The history of Goa has been a long and illustrious one. For the tiniest state in India, it was much sought after by different kingdoms in the country given its strategic location on the west coast. The added factor of possessing one of the few natural harbors in the country made it all the more desirable to invading forces. And it was at the mouth of the Mandovi river, high up on a hill, that the Portuguese built the mighty Fort Aguada to ward off attacks on Old Goa.
Fort Aguada is a vital part of Goa’s culture and history
During the Portuguese rule in Goa, one of the first things they did was to build forts at different strategic locations across the state. Today, almost all of these lie in ruins. The government is trying to restore them but it’s a long road to recovery for these mighty structures. However, forts like Reis Magos and Fort Aguada seem to be in a better state than most. In fact, the Reis Magos fort underwent renovations a few years ago and has regained some semblance of how it must have looked back in the Portuguese days.

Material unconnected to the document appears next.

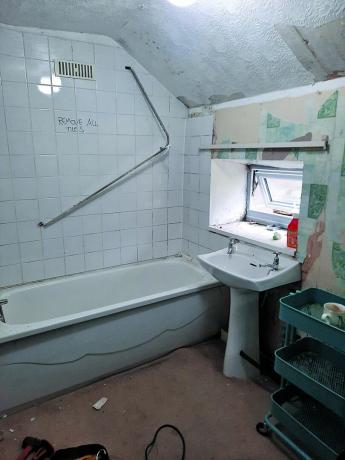 Før skud viser badeværelse med brunt tæppe, almindelige hvide vægfliser og badekar-bruser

The magnificent architectural marvel that is Fort Aguada is still standing strong minus its artillery of course. This 17th-century fort was built sometime around 1609-12, to control the entry into the river Mandovi and to protect Old Goa from potential enemy attacks. To this day, it is well-preserved and a frequently visited spot by locals as well as tourists. At one point of time, the fort was protected by 200 cannons as well as a dry moat which still has to be crossed to gain entry to this massive structure. The walls are 5 meters high and 1.3 meters wide. Given those kinds of dimensions and that much artillery, it’s no surprise that this was the only fort that remained unconquered by any outside forces during Portugal’s 450-years rule over Goa.

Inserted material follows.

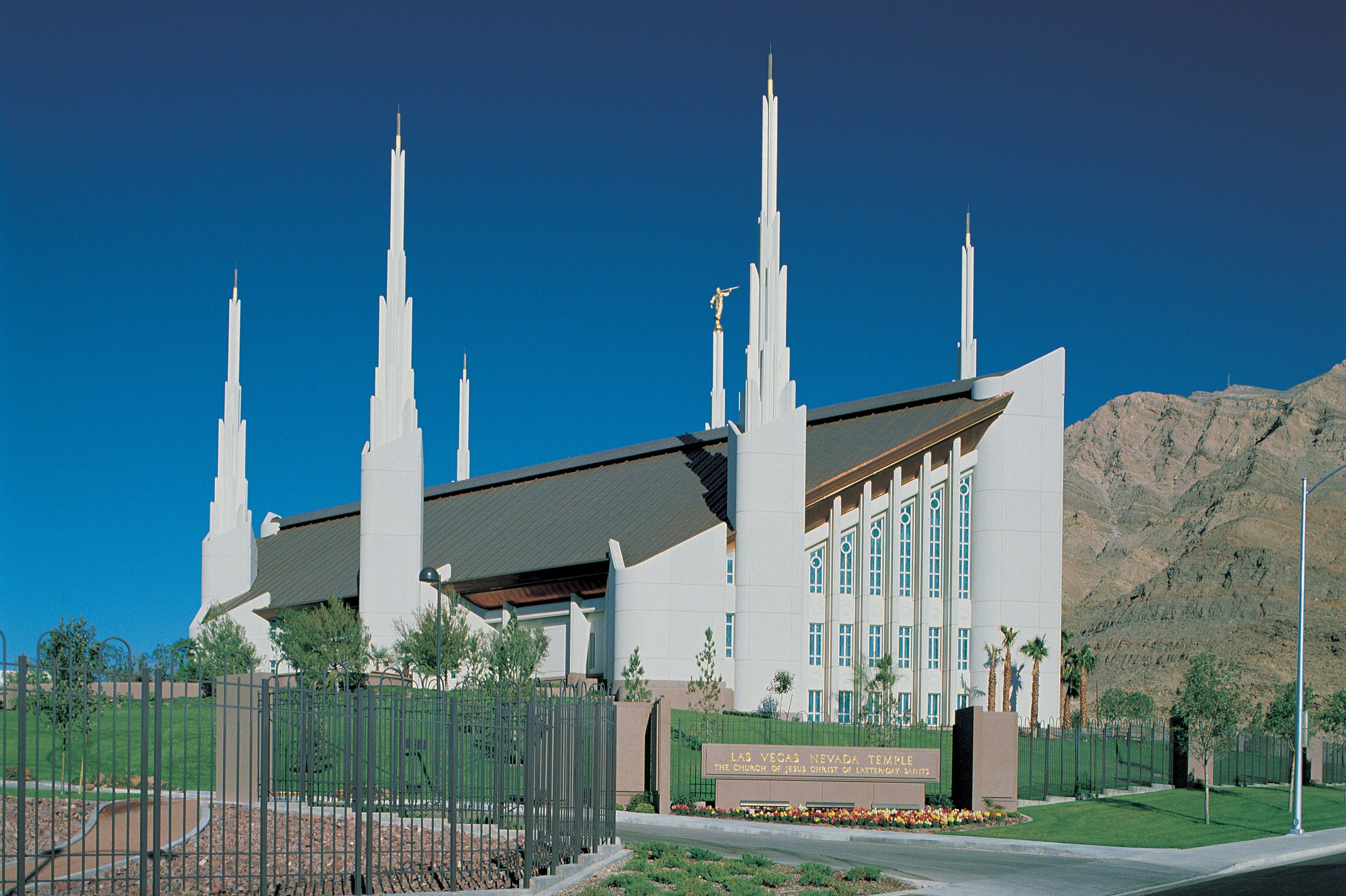 The Las Vegas Nevada Temple and the surrounding mountains on a clear day.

High atop a hill stands a mighty fortress
Fort Aguada gets its name from the freshwater springs that wound its way within the fort’s recesses. It was from these springs that fresh drinking water was provided to the ships that stopped at the fort. The word ‘Aguada’ is derived from the Portuguese word for water which is água.
The fort is the largest one in Goa and is divided into two parts. The upper part acted as fort and watering station, while the lower part served as a safe berth for Portuguese ships. The upper half contains the dry moat and an underground water storage chamber which could hold approximately 10 million liters of fresh water. There was also a gunpowder room, an unusual lighthouse and bastions, and even a secret escape passage to use during the time of war and emergency. The water storage chamber was believed to be the greatest at the time of being built.
The Aguada lighthouse
The old lighthouse within the fort was built in 1864 and still stands 13 meters high and served to warn ships in the distance of the cruel rocks located below. It used an oil lamp whose flame could be seen for miles out at sea. Today, this lighthouse is no longer in use. There is a more modern lighthouse located just beyond the walls of the fort which serves the same purpose.
There was also an enormous bell that was housed within the lighthouse but was eventually moved to the Church of Immaculate Conception in Panjim. The fort also housed a prison at one point at the bottom which was operational until a few years ago.
Today, despite the partial ruin of Fort Aguada, it’s not difficult to see how majestic it must have been during Portuguese rule, filled with soldiers doing their duty and protecting the entrance of the Mandovi river against interlopers. It was the Portuguese empire’s most important fort out of all the forts built and was never conquered during their entire reign.